Tissue sectioning and Immunostaining

Brains were dissected from the skull and embedded into tissue freezing medium (Optical Cutting Temperature (OCT) Compound, Fisher Healthcare) before immediately snap frozen. Five serial, coronal sections (30μm in thickness) were collected spaced 300μm apart using a cryostat (Thermo Fisher Cryostar NX50, Waltham, MA, USA). To label for neural stem/progenitor cells undergoing apoptosis, slides were fixed in 10% formalin (Fisher Chemicals, Pittsburgh, PA, USA) for 10 minutes, washed 3 times with 1X PBS, and permeabilized in 2:1 Ethanol:Acetic Acid for 10 minutes, washed 3 times in 1X PBS then incubated with 0.4% Triton X-100 for 5 minutes and washed with 1X PBS. Slides were incubated in primary antibody using block overnight at 4°C at 1:500 anti-Cx43 (Santa Cruz Biotechnology) and anti-vimentin (Santa Cruz Biotechnology, Dallas, TX, USA). Sections were washed with 1X PBS then incubated with anti-rabbit Alexa Fluor 594-conjugated and Alexa Fluor 488-conjugated anti-rabbit or Alexa Fluor 488-conjugated anti-goat (Molecular Probes, Carlsbad, CA) in block for 1h at RT.

Peptide Sequences

The inhibitor peptide, αCT1, includes the Cx43 C-terminal amino acids 374RPRPDDLEI382 that encompass the ZO-1-binding sequence. A control peptide was generated by reversing the Cx43 amino acid sequence (IELDDPRPR), and is termed “Reverse” throughout the manuscript. Both peptides contain a 16-amino acid antennapedia internalization vector (RQPKIWFPNRRKPWKK) linked to the N terminus of the Cx43 (or reversed Cx43) sequence; peptides were N-terminally biotinylated. These peptides were dissolved and used as previously described [24].

Neural stem cells assays

Neural stem/progenitor cells were isolated from the SVZ of adult CD1 mice (2 to 4 months old) and grown as monolayer cultures as previously described [65]. Once stem cells reached 70–80% confluency, they were passaged and 20,000 cells were plated in a 96-well plate using monolayer culture media (DMEM/F12 (Hyclone, Logan, Utah) containing N2 supplement (Life Technologies Corporation, Grand Island, NY), 35μg/mL bovine pituitary extract (Sigma-Aldrich, St.

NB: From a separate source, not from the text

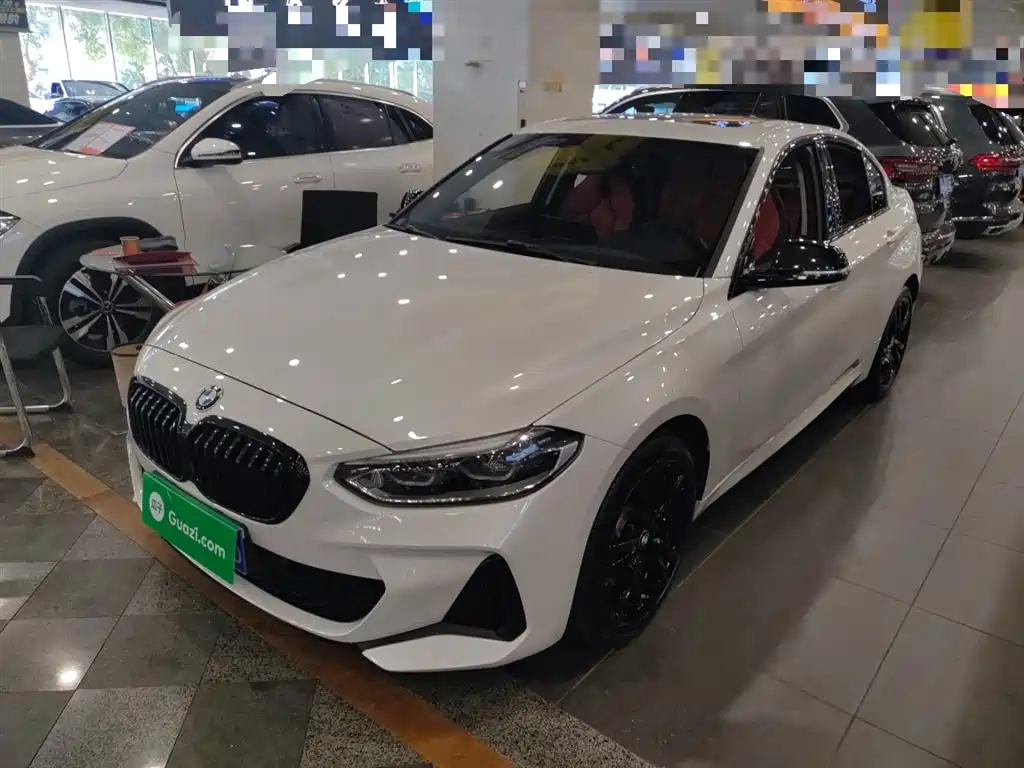 BMW 1 Series 2023 125i M Sport Shadow Edition фото 2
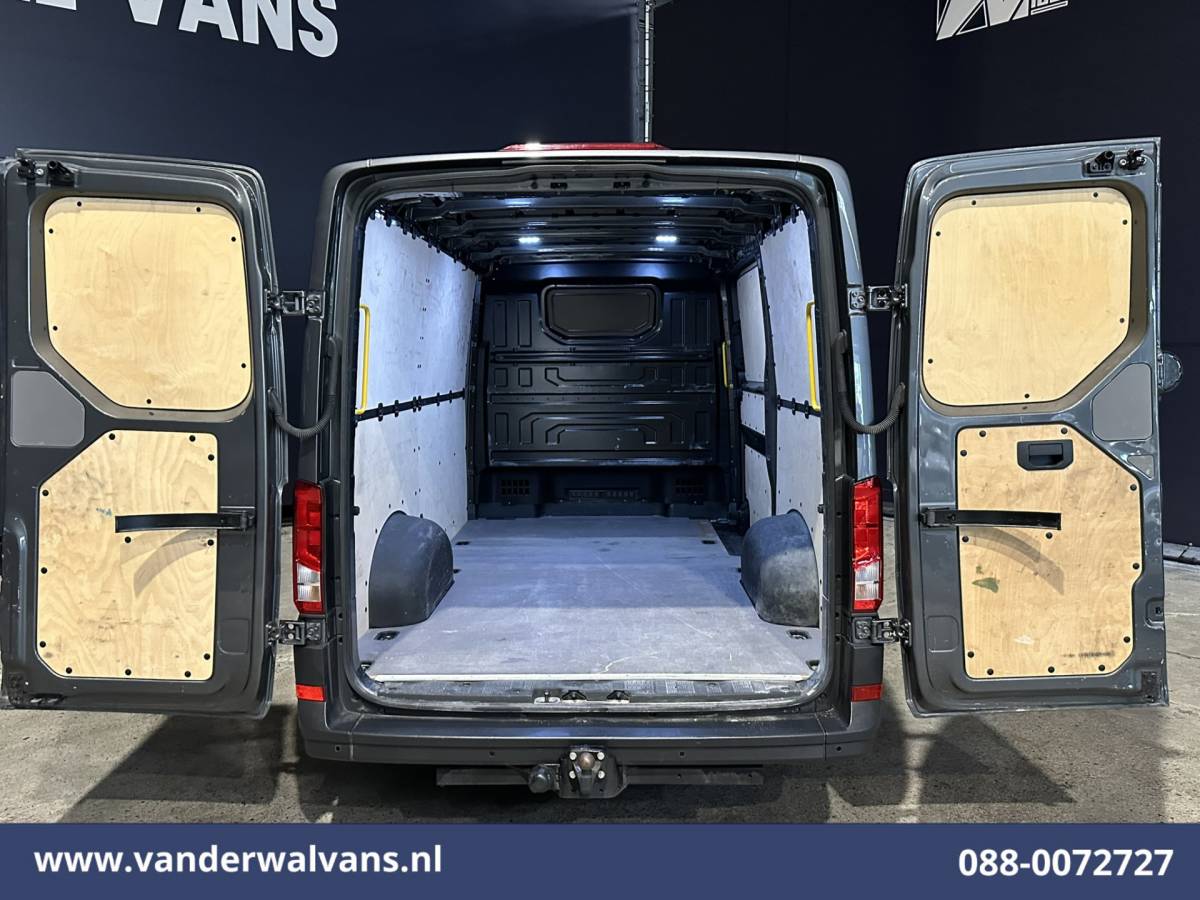 Volkswagen Crafter Volkswagen Crafter 2.0 TDI L3H2 L2H1 Euro6 Airco | 2500kg Trekhaak | Parkeersensoren Bijrijdersbank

Louis, MO, USA), 1X pen-strep glutamine (100X stock, Life Technologies Co., Grand Island, NY), 5% fetal bovine serum, and 20ng/mL each epidermal growth factor (EGF, Chemicon International, Temecula, CA, USA) and basic fibroblast growth factor (EGF, Chemicon International, Temecula, CA, USA) in the presence of 150μM, 75μM and 37.5μM Reverse or αCT1 peptide. After 8 or 24 hours, cells were fixed for 10 minutes using 10% buffered formalin. For immunostaining, wells were washed 3 times in PBS before blocking in 2% fish gelatin with 0.1% Triton X-100 (2% fish gelatin/0.1% Triton-X100) for 1h at RT before primary incubation in 1:500 (rabbit anti-Cx43 polyclonal, Santa Cruz, Dallas, TX, USA) and 1:100 (mouse anti-Nestin, Santa Cruz Biotechnology, Dallas, TX, USA) for 1–2 hours at room temperature. Wells were washed with 1X PBS then incubated in anti-mouse Alexa-Flour 488-conjugated secondary antibody (1:250) or anti-rabbit Alexa-flour 594-conjugated secondary antibody (1:500) (Invitrogen) along with DAPI (1:2000, Cell Signaling, Danvers, MA, USA) for 1h at RT.

Caspase 3/7 analysis

To assess cellular apoptosis in vitro, NSPCs were plated in a 96-well plate and treated with peptides as described above. After 8h or 24h, CellEvent Caspase-3/7 Green Detection Reagent (ThermoFisher Inc, Waltham, MA, USA) was added to each well at a final concentration of 4μM and incubated for 30 min at 37°C. To quantify Caspase 3/7 expression, each well was imaged at 4X and overall expression was measured using mean intensity in ImageJ. To analyze mean intensity in Image J, we opened the image, selected “Analyze > Measure” and recorded the “Mean” value for mean intensity.

BrdU analysis

To assess proliferation we performed BrdU incorporation, which identifies cells in the s-phase of the cell cycle, after NSPCs were plated in a 96-well plate and treated as described above. After 8h or 24h of αCT1 treatment, 10 μM BrdU was added for 20 min before cells were fixed with 10% formalin and washed 3 times with 1X PBS. Cells were incubated in 1N HCL for 1h at 37°C to denature the DNA and the pH was neutralized in 0.1M-borate buffer at pH 8.5 and washed in 1X PBS. Cells were blocked in 2% fish gelatin/0.1% Triton-X100 for 1h before incubating with rat anti-BrdU antibody 1:2000 (LifeTechnologies, Eugene, OR, USA) in block overnight at 4°C. The following day, each well was washed in 1X PBS then incubated in anti-rat Alexa-Flour 594-conjugated secondary antibody (1:500) (Invitrogen, Inc) were added with DAPI (1:2000, Cell Signaling Inc., Dallas, TX, USA) for 1h at RT. After washing in 1X PBS, the ratio of BrdU-positive cells to total nuclei was determined by imaging each well 2 times at 10X and using the Cell Counter on ImageJ (NIH) to quantify total cell numbers. Each experiment was repeated 4–5 times with 4–5 wells per treatment.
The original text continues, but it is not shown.